Images excepted, the data below must be repeated exactly.

Supplied information:
━━━━━━━━━━
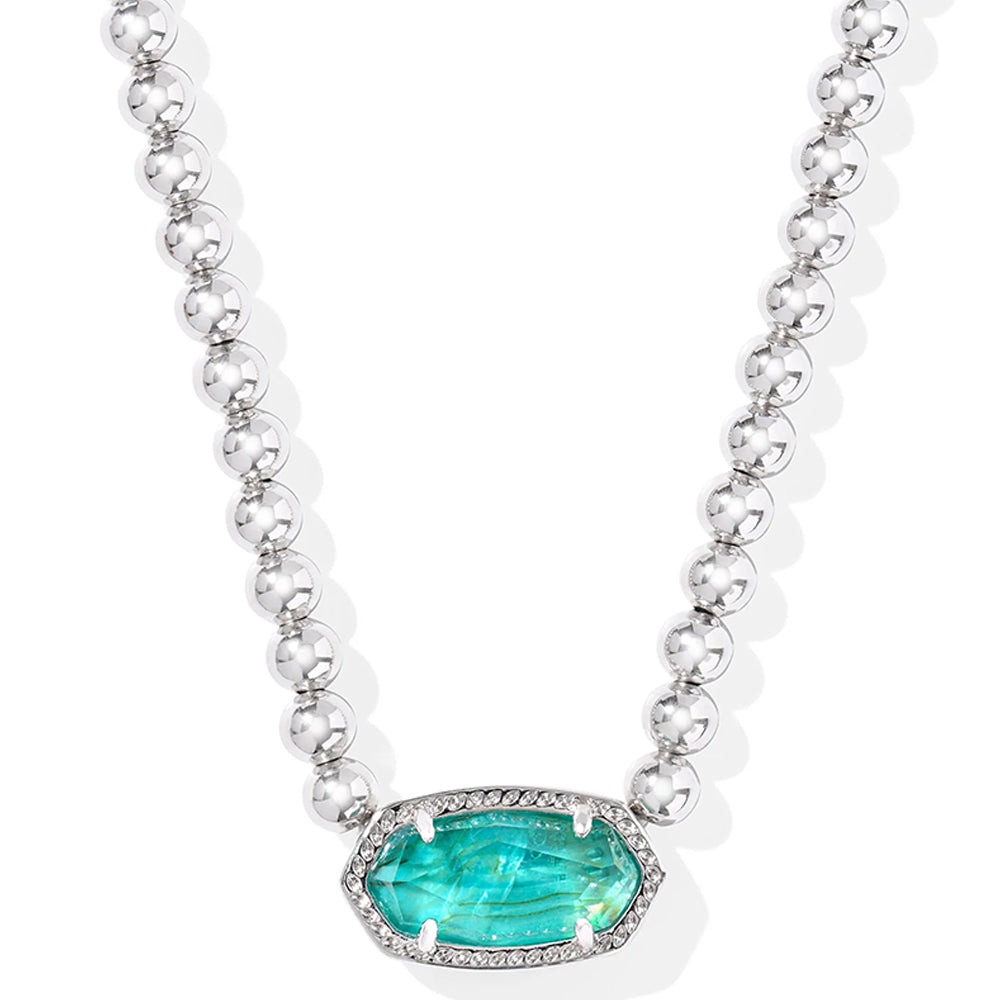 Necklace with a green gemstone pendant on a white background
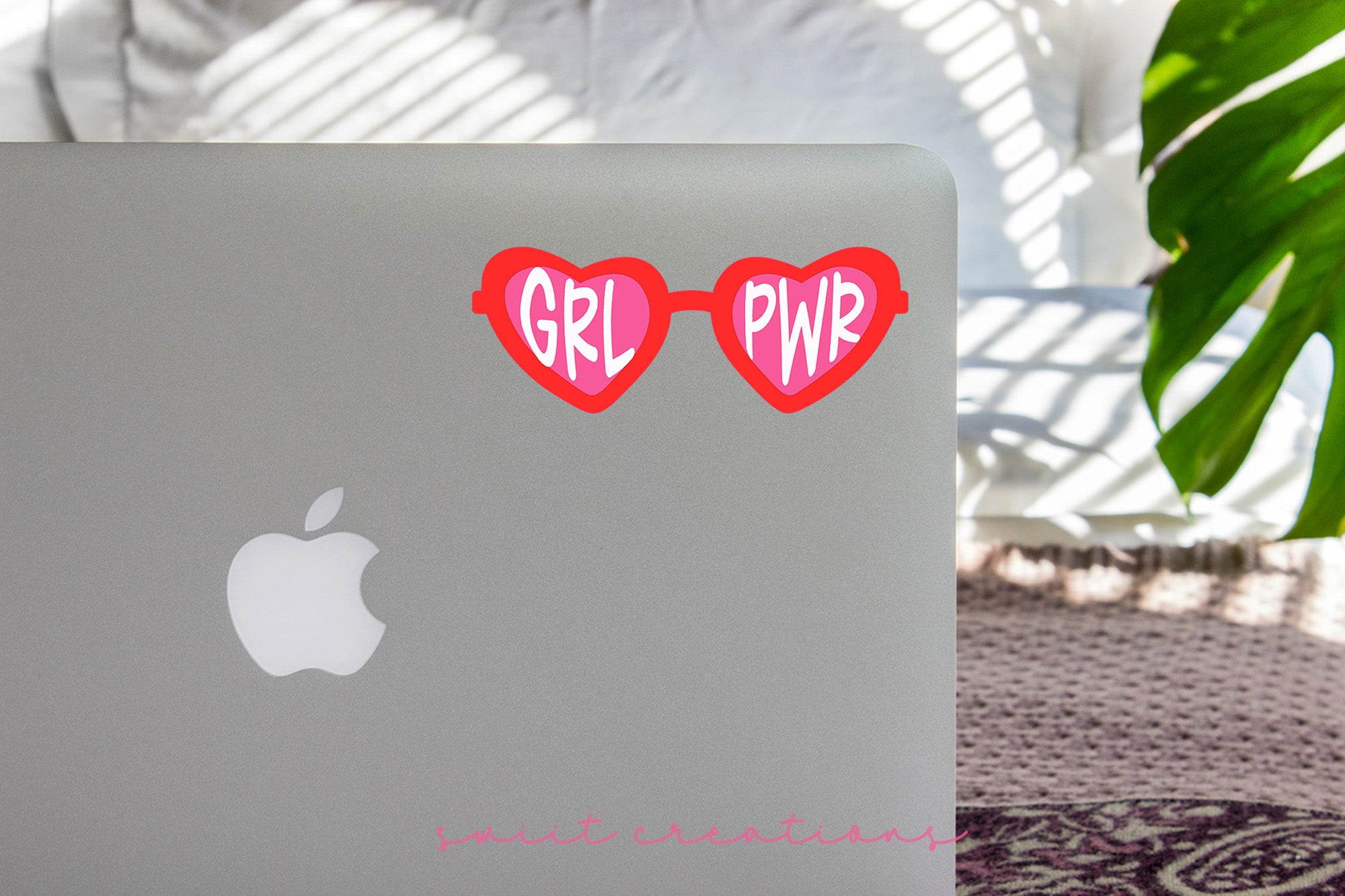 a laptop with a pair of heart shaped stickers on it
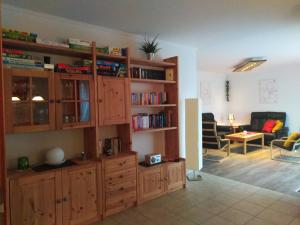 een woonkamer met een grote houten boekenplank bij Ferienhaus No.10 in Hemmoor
━━━━━━━━━━
Output for this exercise:
 Necklace with a green gemstone pendant on a white background
 a laptop with a pair of heart shaped stickers on it
 een woonkamer met een grote houten boekenplank bij Ferienhaus No.10 in Hemmoor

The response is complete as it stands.